You only have six potential tiles to move to – and that’s going to depend on whether or not you have a card in hand to get you there. Either way, you have to get out of this tile. And if you decide you’re going to hit one of these upscale Grimaces, how are you going to pull it off so that they don’t hit you right back?

Every encounter in Ground Shatter’s Fights in Tight Spaces is like this. A collection of fill-bucket’ed meanies drop in from the ceiling into a very tiny room with you, Agent 11. Your task is to kill them all. Unlike in Into the Breach, where the Vek are also trying to destroy buildings and can be tricked into using their attacks against each other, the enemies in Fights have just one objective: kicking your besuited ass. 

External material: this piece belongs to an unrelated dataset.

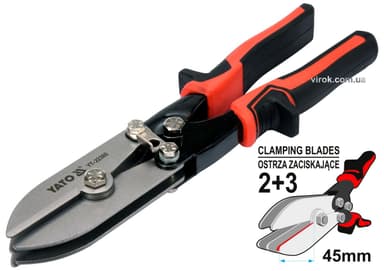 Кліщі для гофрування труб YATO з 5 лезами, діапазон- 45 мм, L= 260 мм [6]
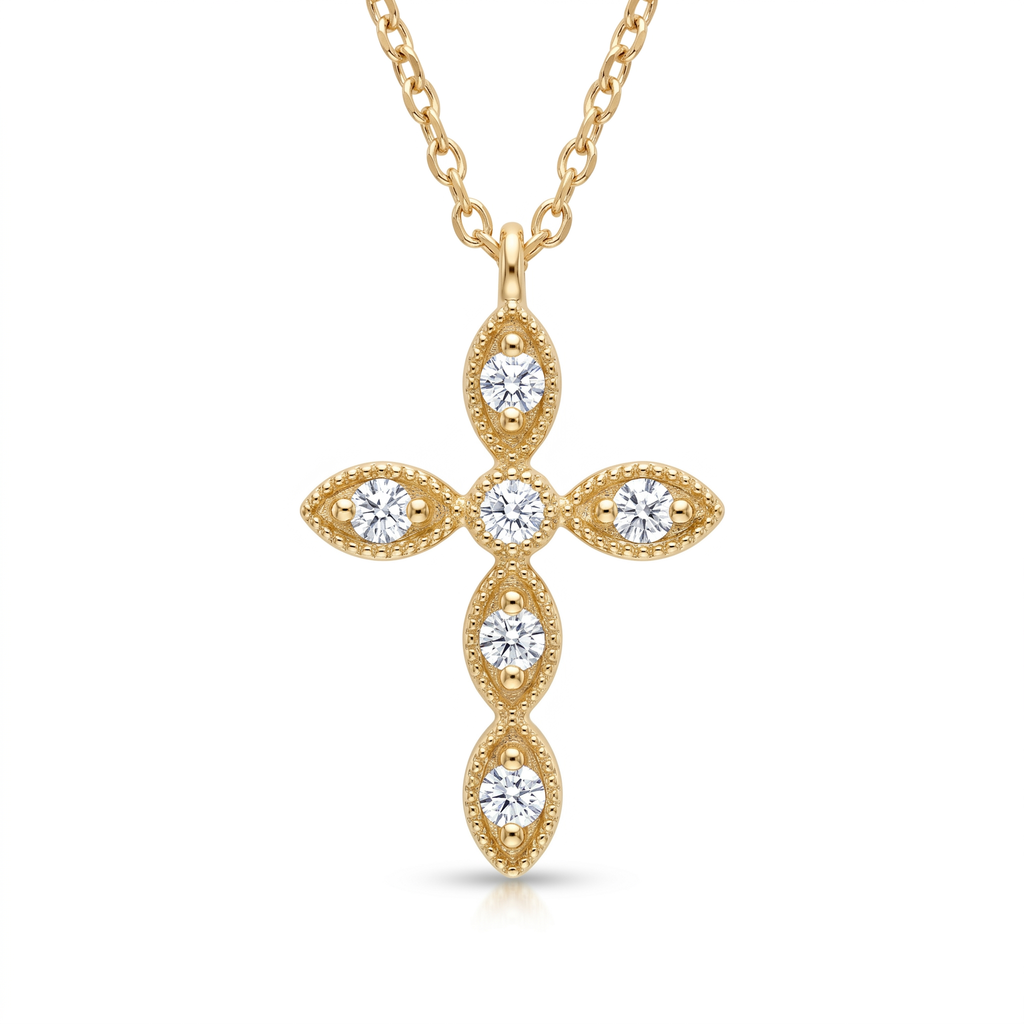 Diamond Yellow Gold Cross Necklace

You’ll just have to kick their be-jeans’ed asses first. You do this through playing the cards you collect throughout the game, which each have an attack, a move, a block, or some kind of buff action on them – often, though, combinations of these effects live together on one card, either as “take both” or “pick one”. Attacks can be simple, like punching an adjacent enemy for 8 damage. They can also get really complex, like pushing a unit back one tile, knocking them to the ground, and then moving into the tile they were in. Jumping off a wall behind you to punch someone really hard. Doing a sick backflip to kick someone and also retreat a tile. Slamming someone’s head into an adjacent surface. You know, sick action movie stunts.

Fights in Tight Spaces excels at turning turn-based combat into gripping, edge-of-your-seat action. It rewards methodical consideration of the board and your options, not just by not killing you but also by making it look really good. Each attack animation is snappy, quick, and well-framed, which makes playing a card feel like you’re actually playing a fighting game. 

FiTS’s cleverest resource invention is the Combo meter, which gains a point any time you play an attack, and loses a point any time you use a card to move without attacking. Many mid-tier cards in FiTS require you to be at a certain Combo threshold to play them – but they don’t actually use Combo points as a cost, nor do they use the base resource, Momentum. Stringing together attacks and attacks-with-moves into a deadly dance is the core way to maintain access to your whole suite of tools. If you really need to do some damage, certain cards are Combo Finishers – they’ll wipe out your Combo points, but they do increased damage based on how many Combo points you have first.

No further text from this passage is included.